> your layout in your first email (i think) assumes that wakeup
> can be called twice.
it doesn't. the scenario in my first email has exactly one
sleep and one wakeup.
the canonical problem you have to avoid when implementing
sleep and wakeup is that the wakeup might happen before
the sleep has gotten around to sleeping. to be concrete,
you might do something like:
cpu1:
kick off disk i/o operation
sleep(r)
cpu2:
interrupt happens
mark operation completed
wakeup(r)
the problem is what happens if the interrupt is so fast
that cpu2 runs all that before sleep(&r) starts.
a wakeup without a sleep is defined to be a no-op, so
if the wakeup runs first the sleep never wakes up:
cpu1:
kick off disk i/o operation
cpu2:
interrupt happens
mark operation completed
wakeup(r)
cpu1:
sleep(r) // never returns
to avoid that problem there is this extra f, arg passed
to sleep along with some locks to make sure sleep
and wakeup are not running their coordination code
simultaneously. with f(arg), the last scenario becomes:
cpu1:
kick off disk i/o operation
cpu2:
interrupt happens
mark operation completed
wakeup(r)
cpu1:
sleep(r)
calls f(arg), which sees op marked completed, returns 1
sleep returns immediately
avoiding the missed wakeup.
unfortunately the f(arg) check means that now sleep can
sometimes return before wakeup (kind of a missed sleep):
cpu1:
kick off disk i/o operation
cpu2:
interrupt happens
mark operation completed
cpu1:
sleep(r)
calls f(arg), which checks completed, returns 1
sleep returns immediately
cpu2:
wakeup(r)
finds nothing sleeping on r, no-op.
there's no second wakeup involved here. this is just sleep
figuring out that there's nothing to sleep for, before wakeup
comes along. f(arg) == true means that wakeup is either
on its way or already passed by, and sleep doesn't know which,
so it has to be conservative and not sleep.

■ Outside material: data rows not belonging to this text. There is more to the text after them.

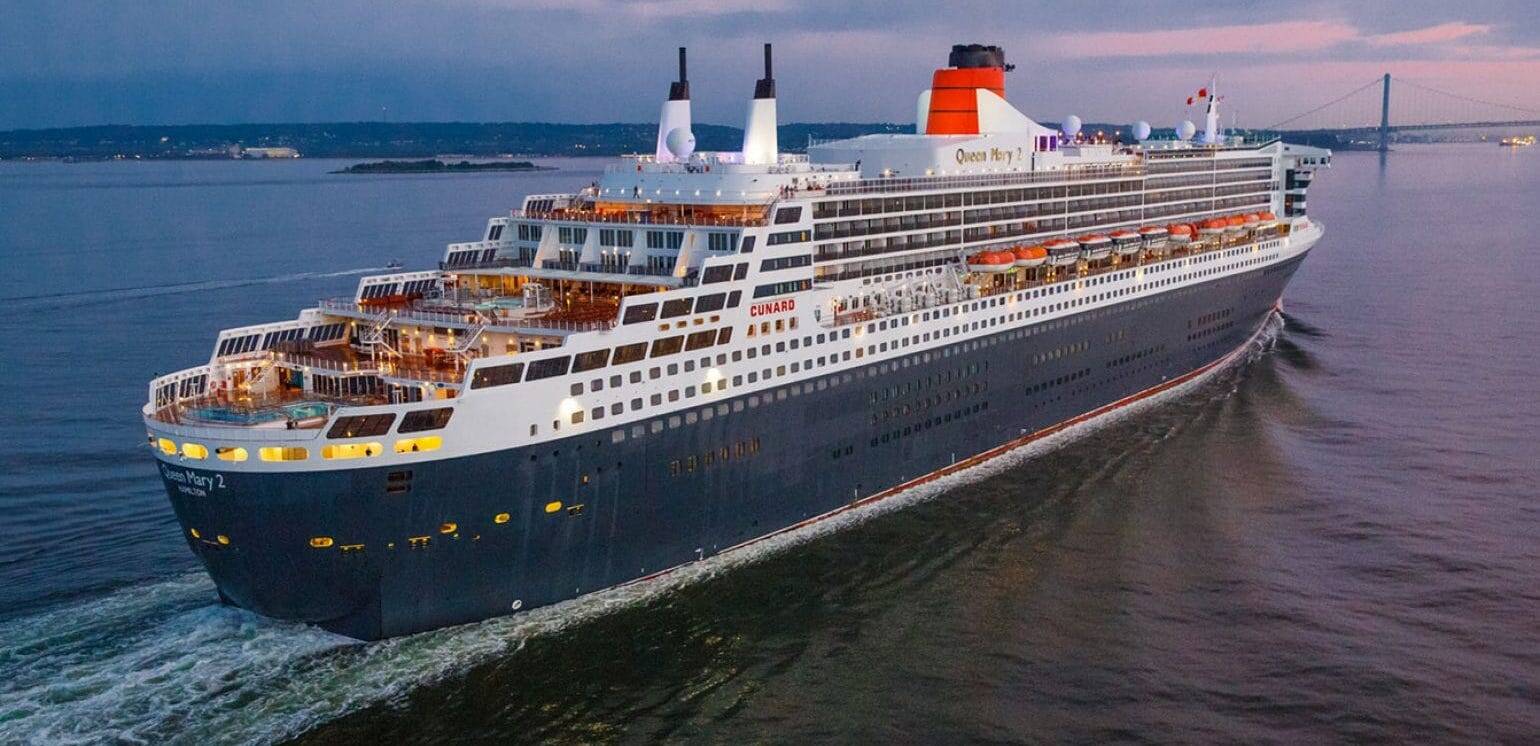 The Queen Mary 2 will ferry bookworms on a seven-day Literature Festival at Sea in December 2022. (Photo by Jonathan Atkin/Cunard)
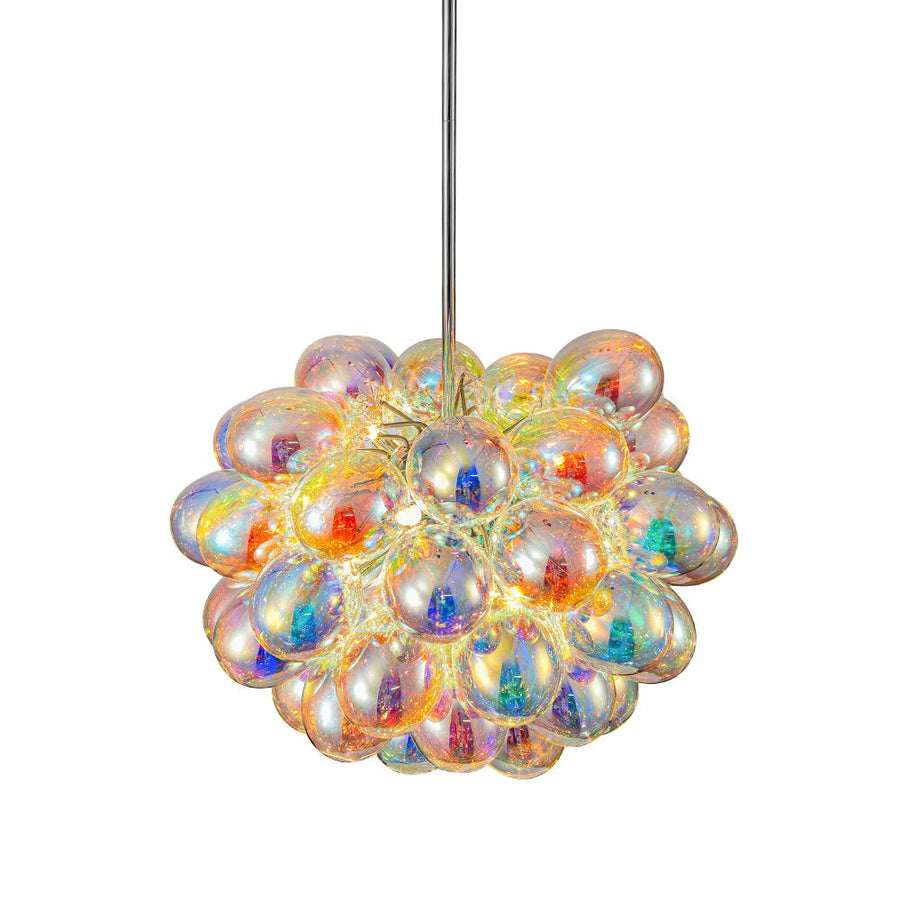 LightFixturesUSA-Stylish Bauhaus Cluster Stained Glass Bubble Chandelier-Chandelier-Nickel-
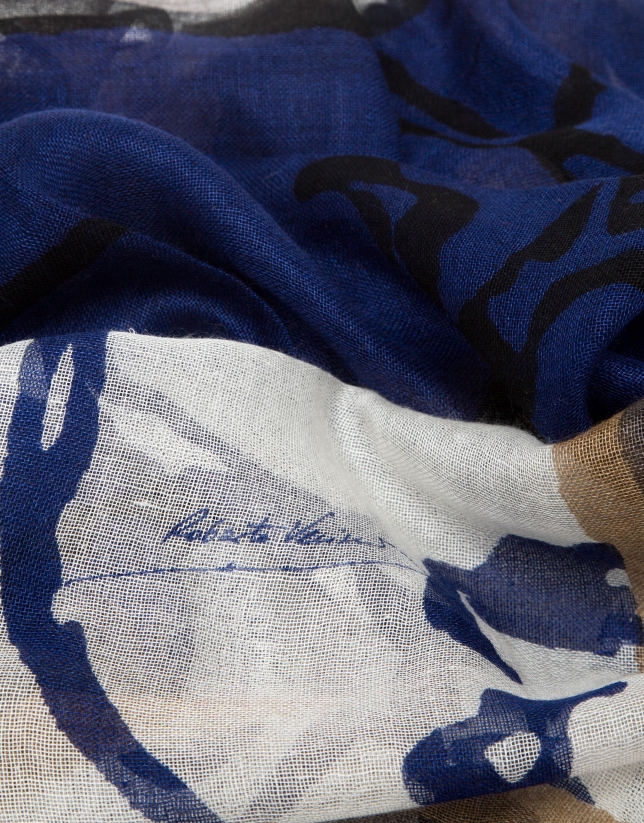 Blue print foulard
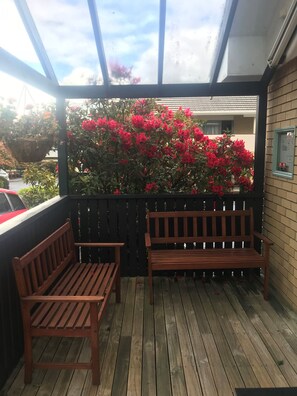 A wooden deck with two benches, a potted plant with red flowers, and a view of a building through a window. - Fenton Court Motel (Rotorua)
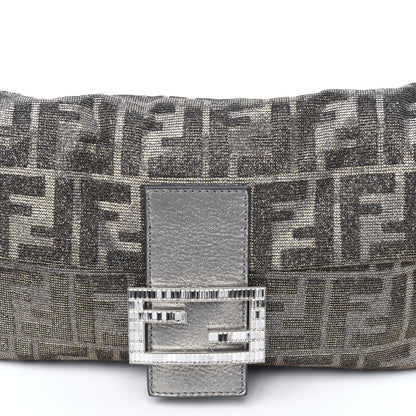 Fendi Metallic Lurex Zucca Vitello Baguette Oro Argento 7 of 11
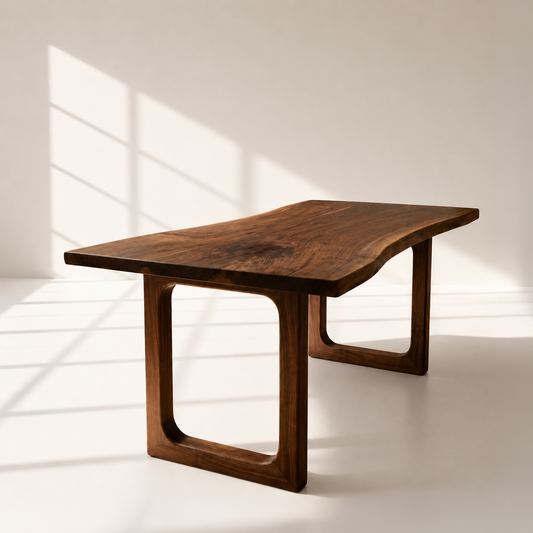 Modern Walnut Live Edge Wood Desk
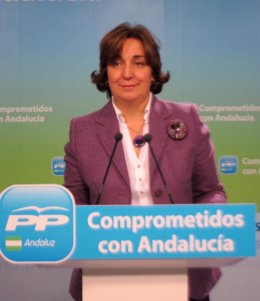 La vicesecretaria de organización del PP-A, Ana María Corredera, hoy en Sevilla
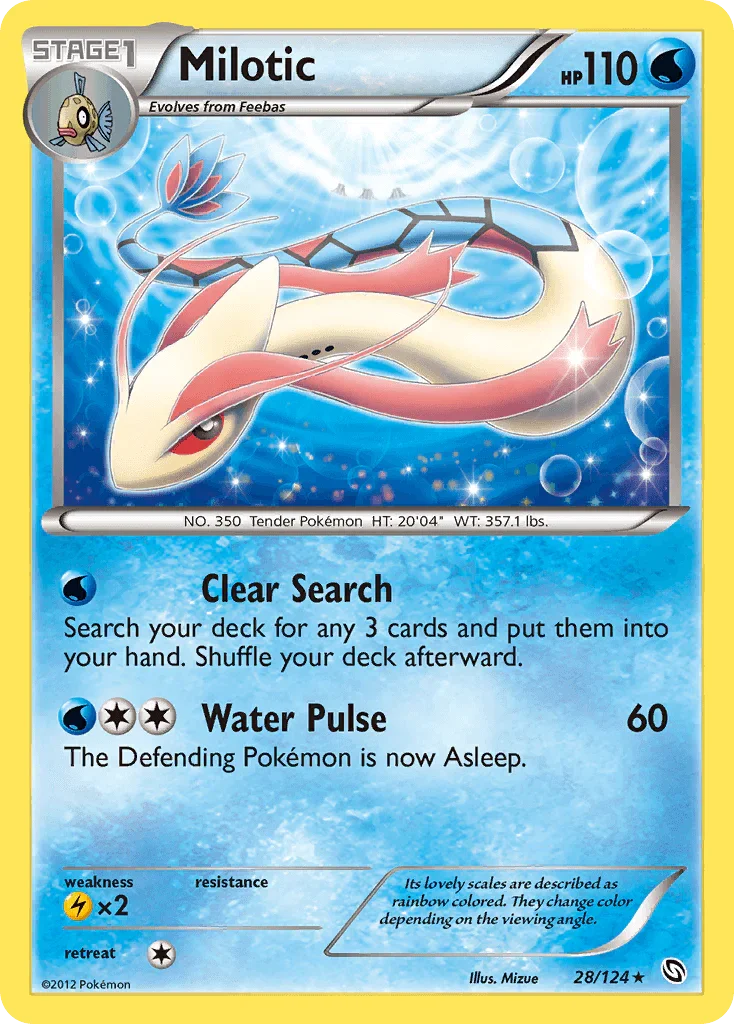 28, Black & White: Dragons Exalted, Holo Rare, Holofoil, Lightning[×2], Reverse Holofoil, Water Milotic (28/124) [Black & White: Dragons Exalted] - Trading Card World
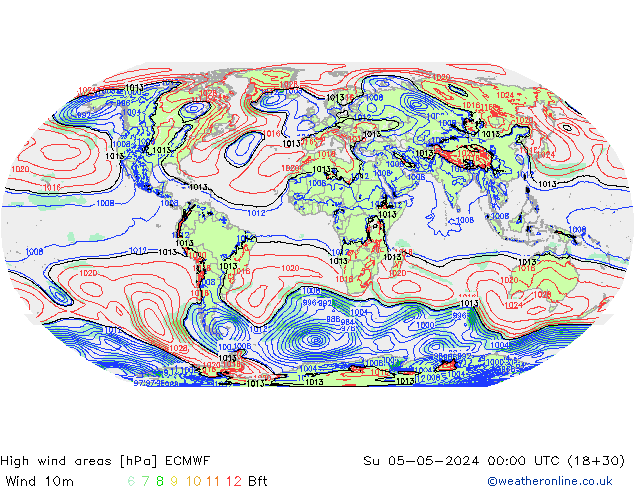 High wind areas ECMWF Su 05.05.2024 00 UTC
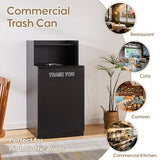 Restaurant Trash Can Cabinet, Commercial Trash Cans 32 Gallon Wooden Trash Can and Garbage Receptacle, Black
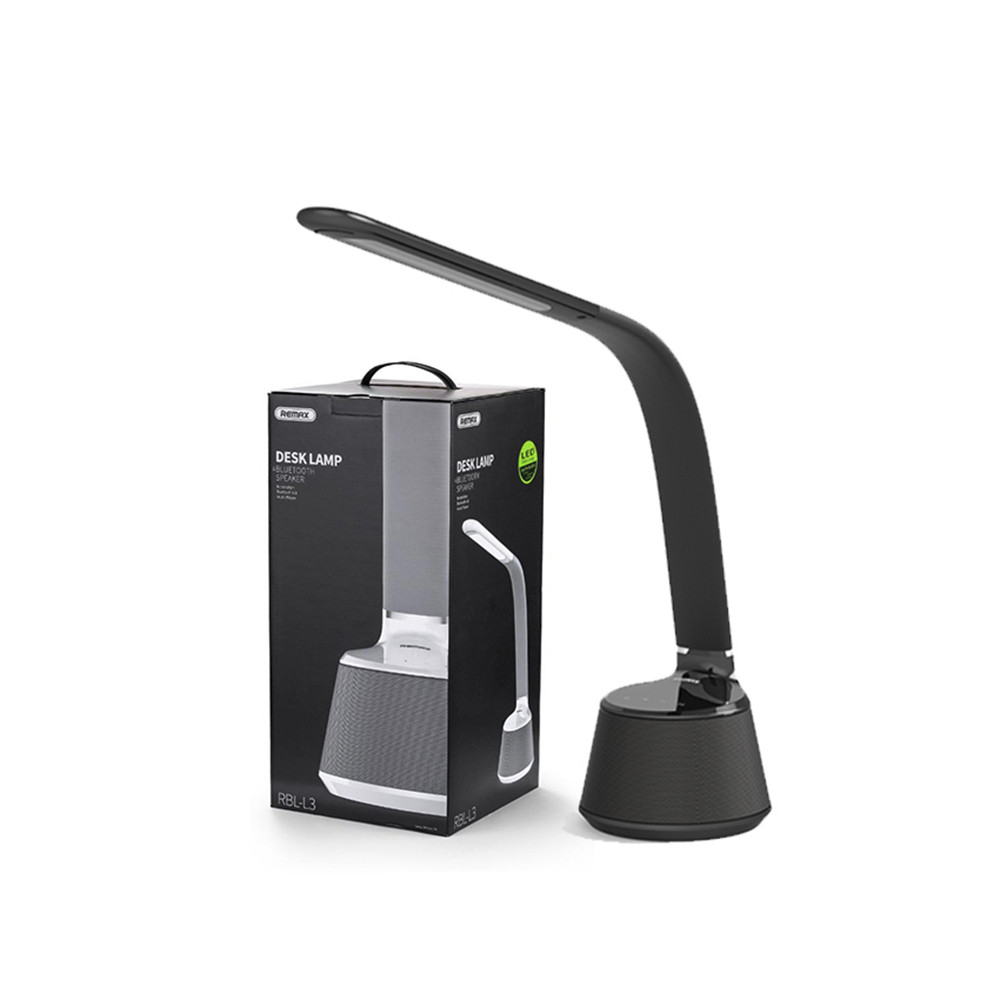 

Светодиодная настольная лампа черного цвета с Bluetooth колонкой Remax RBL L-3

if r is allocated memory and cpu1 calls free(r) when sleep
returns, that's not okay, because cpu2 has already decided
to call wakeup(r), which will now be scribbling on or at least
looking at freed memory.
as i said originally, it's simply not 1:1.
if you need 1:1, you need a semaphore.
russ
p.s. not relevant to your "only one sleep and one wakeup"
constraint, but that last scenario also means that if you
are doing repeated sleep + wakeup on a single r, that pending
wakeup call left over on cpu2 might not happen until cpu1 has
gone back to sleep (a second time). that is, the first wakeup
can wake the second sleep, intending to wake the first sleep.
so in general you have to handle the case where sleep
wakes up for no good reason. it doesn't happen all the time,
but it does happen.